#### Supplied data

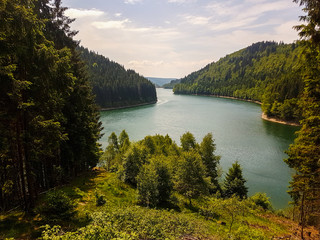 Blick auf den Stausee im Wald
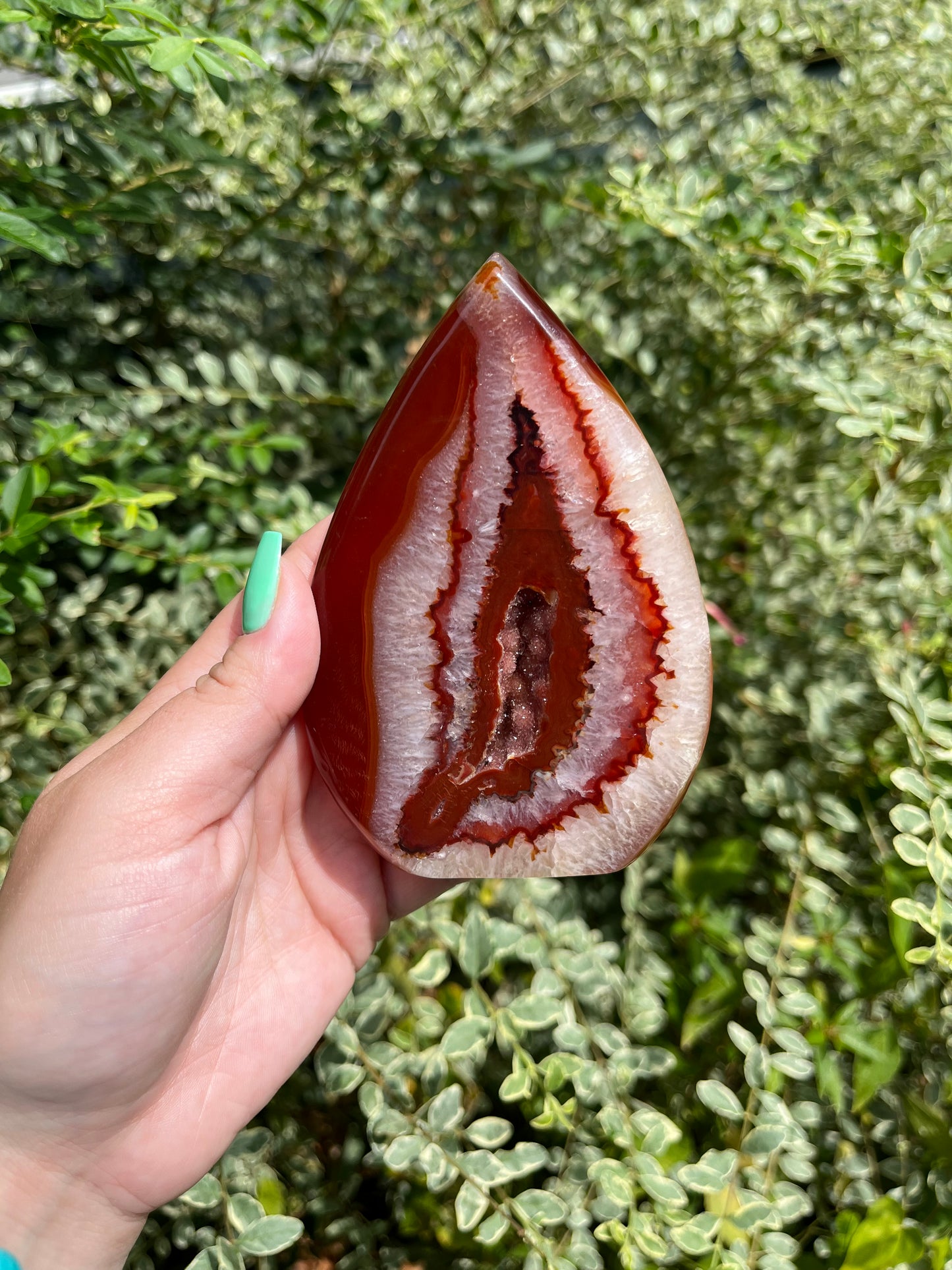 Carnelian Teardrops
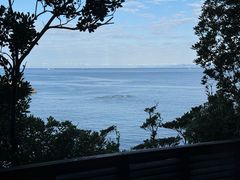 -滨千鸟之汤 海舟
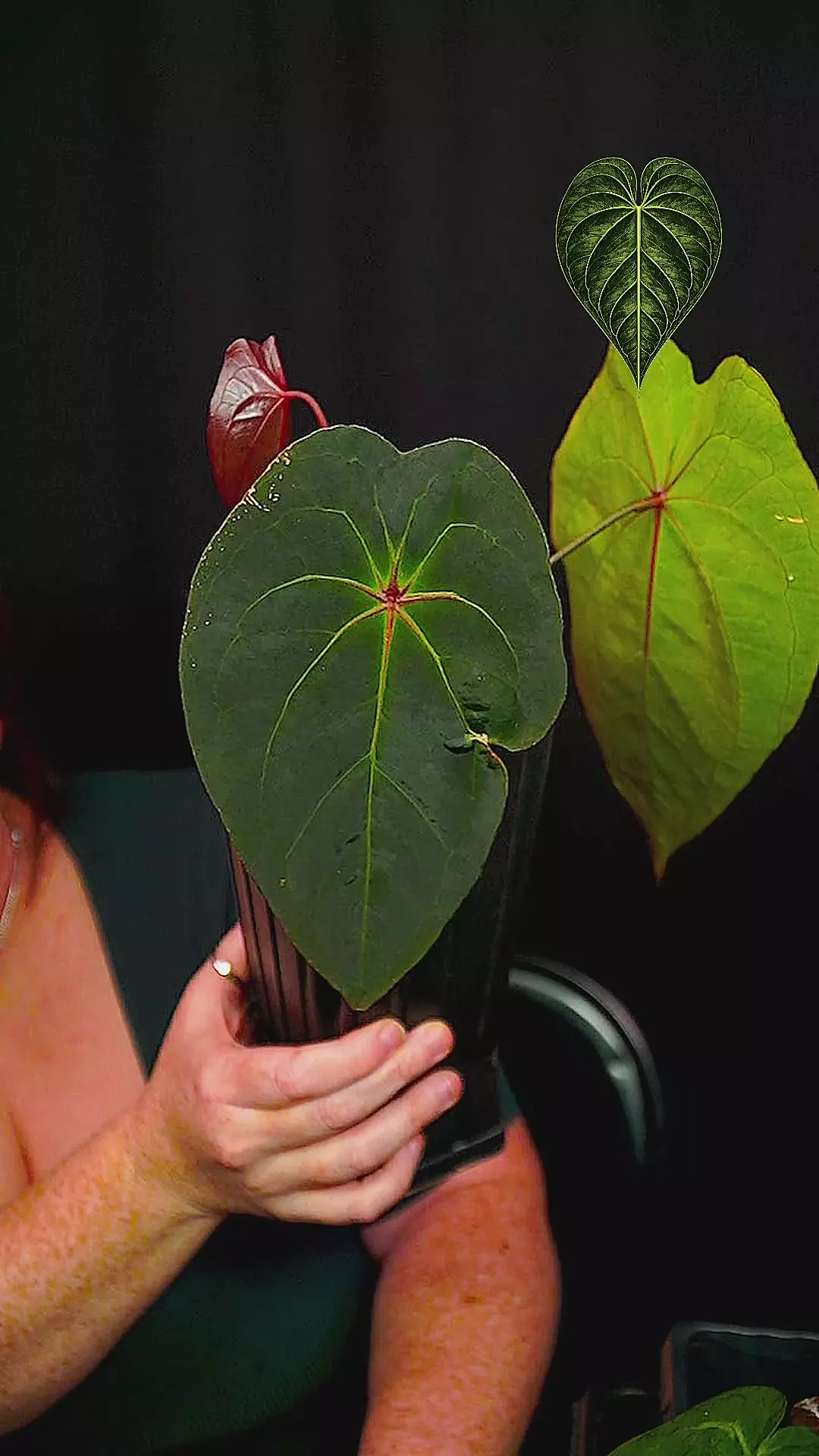 Red Spider 🕷❤️😲 thumbnail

########

#### What to produce:
Line by line, write out the material exactly, leaving the images out.

#### Completed task:
 Blick auf den Stausee im Wald
 Carnelian Teardrops
 -滨千鸟之汤 海舟
 Red Spider 🕷❤️😲 thumbnail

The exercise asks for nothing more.